(Dataset items)
────────

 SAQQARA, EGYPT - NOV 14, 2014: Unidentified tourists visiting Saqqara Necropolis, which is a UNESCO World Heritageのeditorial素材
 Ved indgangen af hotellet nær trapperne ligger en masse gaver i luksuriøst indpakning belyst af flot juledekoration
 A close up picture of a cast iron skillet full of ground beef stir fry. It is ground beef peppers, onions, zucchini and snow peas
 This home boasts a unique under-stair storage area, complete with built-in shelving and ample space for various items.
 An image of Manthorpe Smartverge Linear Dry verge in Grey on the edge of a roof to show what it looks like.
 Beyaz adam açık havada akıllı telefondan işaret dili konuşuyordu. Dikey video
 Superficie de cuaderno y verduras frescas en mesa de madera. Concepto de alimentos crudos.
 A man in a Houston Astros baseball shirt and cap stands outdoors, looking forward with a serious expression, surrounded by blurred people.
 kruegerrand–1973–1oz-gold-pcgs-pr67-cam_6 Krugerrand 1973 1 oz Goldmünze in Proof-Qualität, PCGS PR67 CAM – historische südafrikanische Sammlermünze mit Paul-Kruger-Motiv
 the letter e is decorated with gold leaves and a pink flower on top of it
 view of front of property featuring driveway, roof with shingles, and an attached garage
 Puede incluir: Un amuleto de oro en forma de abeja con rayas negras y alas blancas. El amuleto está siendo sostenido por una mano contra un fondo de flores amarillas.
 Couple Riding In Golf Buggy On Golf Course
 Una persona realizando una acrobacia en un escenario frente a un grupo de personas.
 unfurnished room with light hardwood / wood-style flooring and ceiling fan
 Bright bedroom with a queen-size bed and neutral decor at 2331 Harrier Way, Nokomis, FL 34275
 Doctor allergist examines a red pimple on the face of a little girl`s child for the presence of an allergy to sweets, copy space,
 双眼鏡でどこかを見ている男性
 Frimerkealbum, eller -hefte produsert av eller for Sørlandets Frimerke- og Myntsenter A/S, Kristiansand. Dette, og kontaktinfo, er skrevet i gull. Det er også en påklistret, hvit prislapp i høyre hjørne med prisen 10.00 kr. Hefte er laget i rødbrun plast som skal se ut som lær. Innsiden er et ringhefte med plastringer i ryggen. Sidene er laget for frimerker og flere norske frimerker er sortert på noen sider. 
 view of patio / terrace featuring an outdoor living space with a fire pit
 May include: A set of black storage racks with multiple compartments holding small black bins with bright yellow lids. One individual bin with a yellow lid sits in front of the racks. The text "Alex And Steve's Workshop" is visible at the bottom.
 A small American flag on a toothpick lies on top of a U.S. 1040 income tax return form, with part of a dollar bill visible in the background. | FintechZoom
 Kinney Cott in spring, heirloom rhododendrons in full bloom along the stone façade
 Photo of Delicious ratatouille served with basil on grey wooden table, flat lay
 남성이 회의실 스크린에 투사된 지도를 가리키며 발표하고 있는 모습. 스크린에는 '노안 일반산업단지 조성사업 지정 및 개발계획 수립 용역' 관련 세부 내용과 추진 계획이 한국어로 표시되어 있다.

────────

(Directions) Copy out the lines above, from the one holding "unfurnished room with" through the final line, with no other lines.

(Response to the exercise)
 unfurnished room with light hardwood / wood-style flooring and ceiling fan
 Bright bedroom with a queen-size bed and neutral decor at 2331 Harrier Way, Nokomis, FL 34275
 Doctor allergist examines a red pimple on the face of a little girl`s child for the presence of an allergy to sweets, copy space,
 双眼鏡でどこかを見ている男性
 Frimerkealbum, eller -hefte produsert av eller for Sørlandets Frimerke- og Myntsenter A/S, Kristiansand. Dette, og kontaktinfo, er skrevet i gull. Det er også en påklistret, hvit prislapp i høyre hjørne med prisen 10.00 kr. Hefte er laget i rødbrun plast som skal se ut som lær. Innsiden er et ringhefte med plastringer i ryggen. Sidene er laget for frimerker og flere norske frimerker er sortert på noen sider. 
 view of patio / terrace featuring an outdoor living space with a fire pit
 May include: A set of black storage racks with multiple compartments holding small black bins with bright yellow lids. One individual bin with a yellow lid sits in front of the racks. The text "Alex And Steve's Workshop" is visible at the bottom.
 A small American flag on a toothpick lies on top of a U.S. 1040 income tax return form, with part of a dollar bill visible in the background. | FintechZoom
 Kinney Cott in spring, heirloom rhododendrons in full bloom along the stone façade
 Photo of Delicious ratatouille served with basil on grey wooden table, flat lay
 남성이 회의실 스크린에 투사된 지도를 가리키며 발표하고 있는 모습. 스크린에는 '노안 일반산업단지 조성사업 지정 및 개발계획 수립 용역' 관련 세부 내용과 추진 계획이 한국어로 표시되어 있다.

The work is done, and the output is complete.